* Work task
The records must be retyped exactly, with no pictures included.

(Captioned web images)
BEGIN
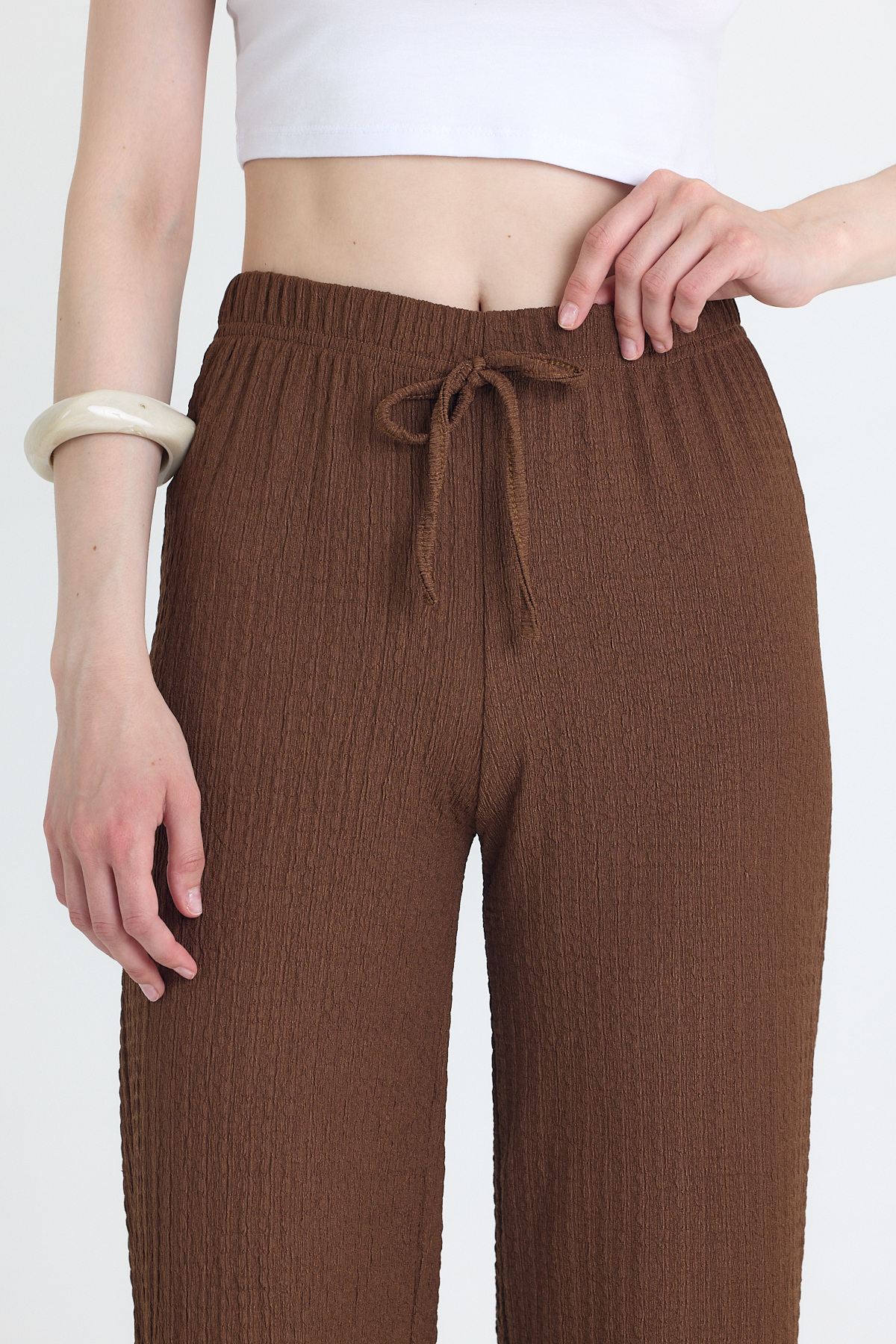 Kahve Geniş Paça Dökümlü Bürümcük Kumaş Pantolon 326 - 4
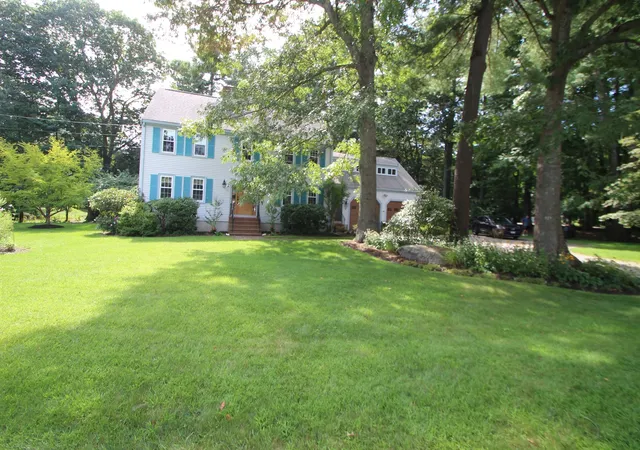 Photo 3 of Single family home for sale at 125 Boxwood Ln, Bridgewater, MA 02324 | MLS# 73571914 | Listing updated on 2026-09-28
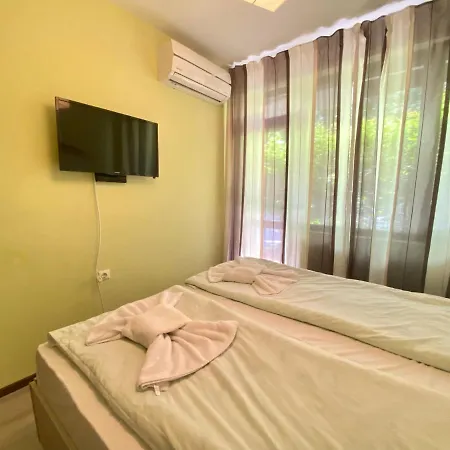 Green Paradise Complex Apartment *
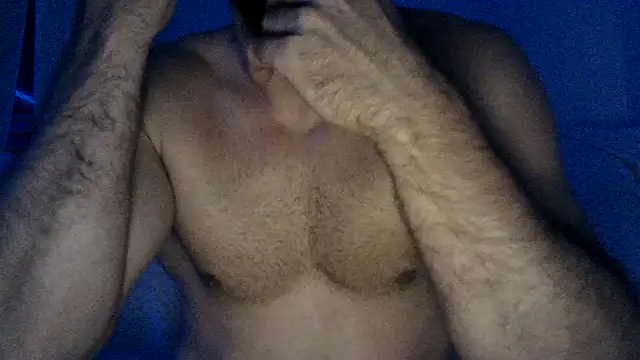 pedro_power's Live Chat Room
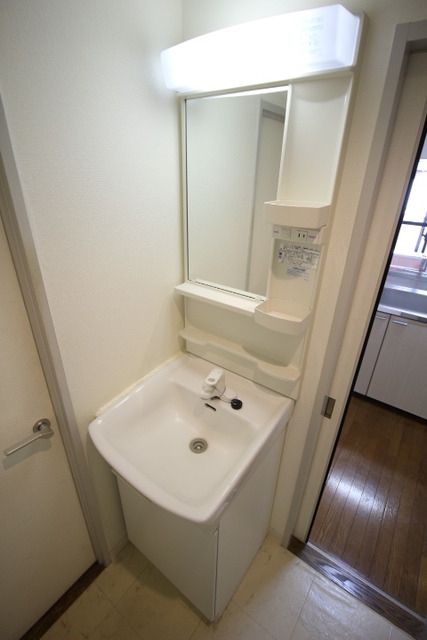 洗面設備　嬉しい独立洗面台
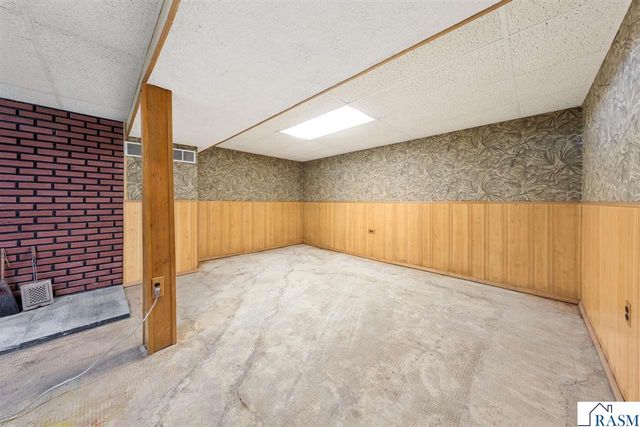 58357 Birch Bluff Lane, North Mankato, MN 56003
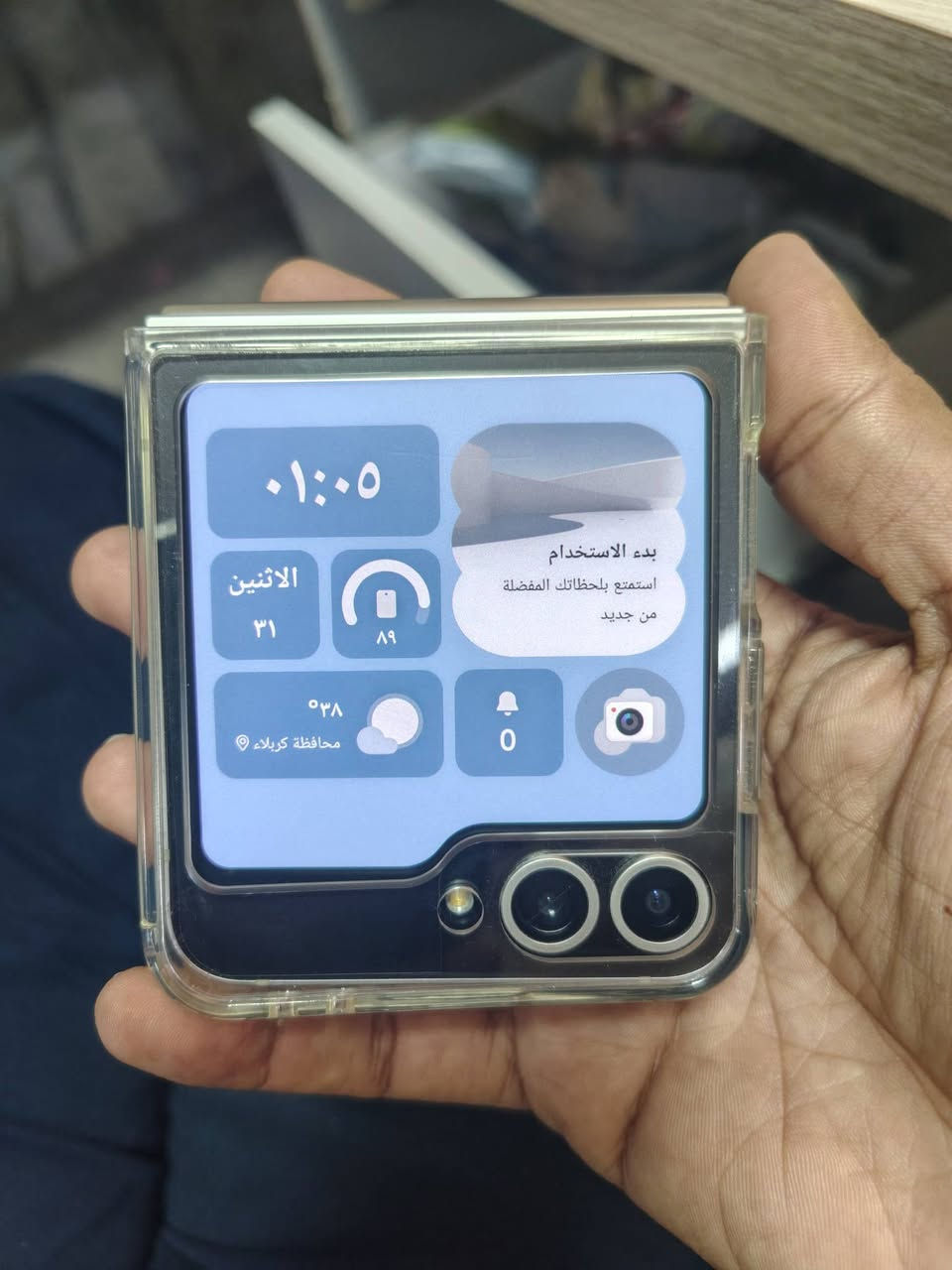 سلام عليكم شباب Galaxy Z Flip 6 للبيع الجهاز كلشي موضح بي وشرط الفحص السعر 525 الف وبي مجال *********** مكاني كربلاء
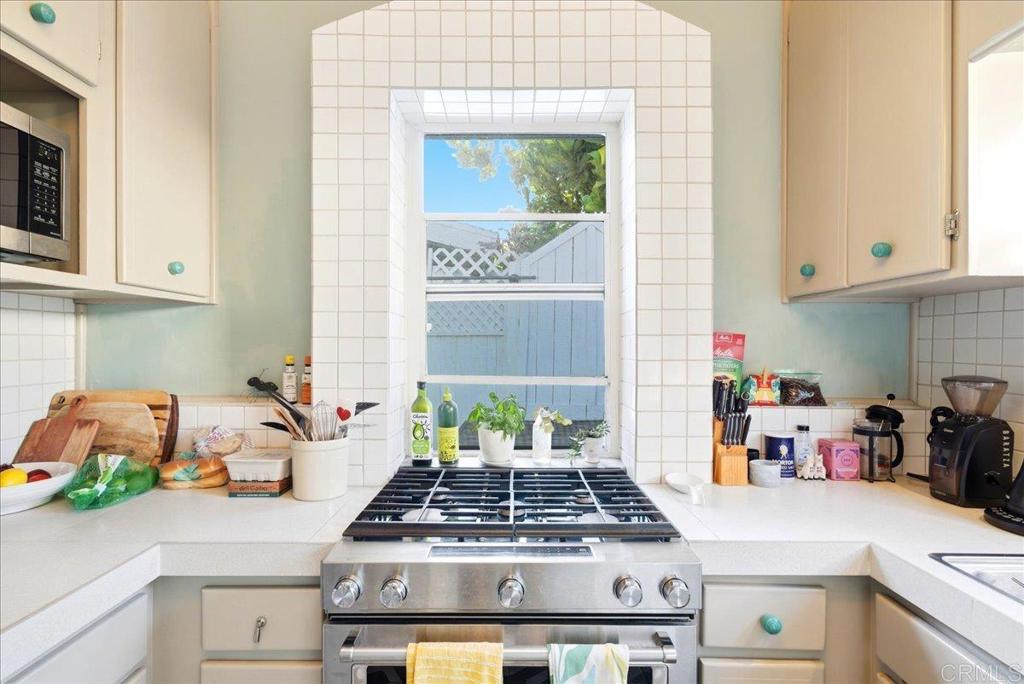 110 Lewis - photo 19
END
* Result for this task
 Kahve Geniş Paça Dökümlü Bürümcük Kumaş Pantolon 326 - 4
 Photo 3 of Single family home for sale at 125 Boxwood Ln, Bridgewater, MA 02324 | MLS# 73571914 | Listing updated on 2026-09-28
 Green Paradise Complex Apartment *
 pedro_power's Live Chat Room
 洗面設備　嬉しい独立洗面台
 58357 Birch Bluff Lane, North Mankato, MN 56003
 سلام عليكم شباب Galaxy Z Flip 6 للبيع الجهاز كلشي موضح بي وشرط الفحص السعر 525 الف وبي مجال *********** مكاني كربلاء
 110 Lewis - photo 19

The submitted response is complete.